I approximately replicated some baseline LMDB microbenchmarks found

[here](http://www.lmdb.tech/bench/microbench/) for random reads and random writes.



I ran these benchmarks on an M1 Mac with 8GB of RAM and GOMAXPROCS set to 4 to

replicate the 4 core setup the LMDB microbenchmarks used. Like in the LMDB

benchmarks, `fsync` and garbage collection were turned off. 



Keep in mind that there's

[3 kinds of lies](https://en.wikipedia.org/wiki/Lies,_damned_lies,_and_statistics):

lies, damned lies, and benchmarks. I am running on more modern hardware than the

benchmarks I've linked to. The LMDB benchmarks are from September 2012 running on

devices built in 2012, whereas mine are running on a 2020 M1 Macbook Air.



Also, while somewhat useful for comparing databases, these

benchmarks don't necessarily reflect performance in a real production environment on

your hardware. They should be taken with that healthy grain of salt.



Benchmarking code can be found in `benchmarks/benchmark.go`.



#### Small values: random 16 byte keys, random 100 byte values

For comparison, the relevant LMDB microbenchmarks are

[here](http://www.lmdb.tech/bench/microbench/#sec2).



##### 1,000,000 ops per iteration

I ran 1,000,000 operations per iteration, the same as the LMDB microbenchmarks.

The output file is `benchmarks/bench-x-small.log`.



|Type|Average ops/sec| Std. Dev. ops/sec|

|---|---|---|

|Set|417,070|7,953|

|Delete|583,134|7,283|

|Get|7,891,966|210,693|



##### 10,000,000 ops per iteration

For the sake of completeness (and curiosity), I also ran 10,000,000 operations per iteration.

The output file is `benchmarks/bench-small.log`.

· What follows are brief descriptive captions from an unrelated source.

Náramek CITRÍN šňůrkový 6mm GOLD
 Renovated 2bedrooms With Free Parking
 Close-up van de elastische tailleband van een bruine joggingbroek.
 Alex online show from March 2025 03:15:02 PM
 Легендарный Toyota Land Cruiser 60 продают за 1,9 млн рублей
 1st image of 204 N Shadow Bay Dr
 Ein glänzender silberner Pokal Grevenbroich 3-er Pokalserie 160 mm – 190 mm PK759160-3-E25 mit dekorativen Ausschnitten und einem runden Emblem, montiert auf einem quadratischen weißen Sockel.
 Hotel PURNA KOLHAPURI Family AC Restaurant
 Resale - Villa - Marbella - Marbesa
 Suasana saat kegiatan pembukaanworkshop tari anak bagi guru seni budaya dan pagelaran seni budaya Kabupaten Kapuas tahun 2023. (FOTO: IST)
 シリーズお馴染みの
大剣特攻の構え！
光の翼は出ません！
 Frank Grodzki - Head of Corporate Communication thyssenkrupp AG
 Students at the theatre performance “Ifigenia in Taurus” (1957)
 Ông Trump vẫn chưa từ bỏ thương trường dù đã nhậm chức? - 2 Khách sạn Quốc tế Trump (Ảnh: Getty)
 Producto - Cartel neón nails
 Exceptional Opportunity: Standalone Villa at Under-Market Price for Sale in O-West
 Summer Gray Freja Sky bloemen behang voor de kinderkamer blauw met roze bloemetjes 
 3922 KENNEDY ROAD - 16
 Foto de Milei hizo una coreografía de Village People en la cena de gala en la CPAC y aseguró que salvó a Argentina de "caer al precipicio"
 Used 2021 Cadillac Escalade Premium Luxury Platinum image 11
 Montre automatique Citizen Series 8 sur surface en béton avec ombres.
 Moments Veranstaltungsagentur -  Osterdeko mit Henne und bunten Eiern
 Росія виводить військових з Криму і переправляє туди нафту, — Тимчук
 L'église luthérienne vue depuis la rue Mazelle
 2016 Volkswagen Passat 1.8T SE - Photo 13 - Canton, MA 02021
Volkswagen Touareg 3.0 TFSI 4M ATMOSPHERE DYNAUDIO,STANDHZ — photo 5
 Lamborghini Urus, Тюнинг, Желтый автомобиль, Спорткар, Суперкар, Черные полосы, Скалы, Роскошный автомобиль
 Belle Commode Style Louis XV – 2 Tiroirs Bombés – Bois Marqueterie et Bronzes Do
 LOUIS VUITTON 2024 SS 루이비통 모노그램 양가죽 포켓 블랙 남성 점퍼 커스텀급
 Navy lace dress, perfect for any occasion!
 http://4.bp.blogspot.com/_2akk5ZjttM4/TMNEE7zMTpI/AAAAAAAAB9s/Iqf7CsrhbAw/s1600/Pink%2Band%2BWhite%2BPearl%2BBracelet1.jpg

|Type|Average ops/sec| Std. Dev. ops/sec|

|---|---|---|

|Set|360,777|3,100|

|Delete|466,481|4,168|

|Get|6,171,403|174,074|



#### Large values: random 16 byte keys, random 100,000 byte values

For comparison, the relevant LMDB microbenchmarks are

[here](http://www.lmdb.tech/bench/microbench/#sec4).



##### 10,000 ops per iteration

I ran 10,000 operations per iteration, the same as the LMDB microbenchmarks.

The output file is `benchmarks/bench-large.log`.



|Type|Average ops/sec| Std. Dev. ops/sec|

|---|---|---|

|Set|10,783|318|

|Delete|153,036|81,142|

|Get|20,864,490|809,940|



##### 100,000 ops per iteration

I also ran 100,000 operations per iteration. Unsurprisingly, the increased number of

operations per iteration decreased performance, especially since the total database

size ended up being 2GB larger than my RAM (~10GB vs 8GB).



Despite the decrease in performance, it was still fairly on par with other key-value

databases in the less intensive LMDB microbenchmarks. 



You can see the benchmark output files in `benchmarks/bench-x-large.log`.



|Type|Average ops/sec| Std. Dev. ops/sec|

|---|---|---|

|Set|4,500|1,019|

|Delete|5,194|411|

|Get|11,641,740|2,572,501|



### Disk Usage

bugfruit does not compress data, which can result in a large database file,

especially if you don't run garbage collection.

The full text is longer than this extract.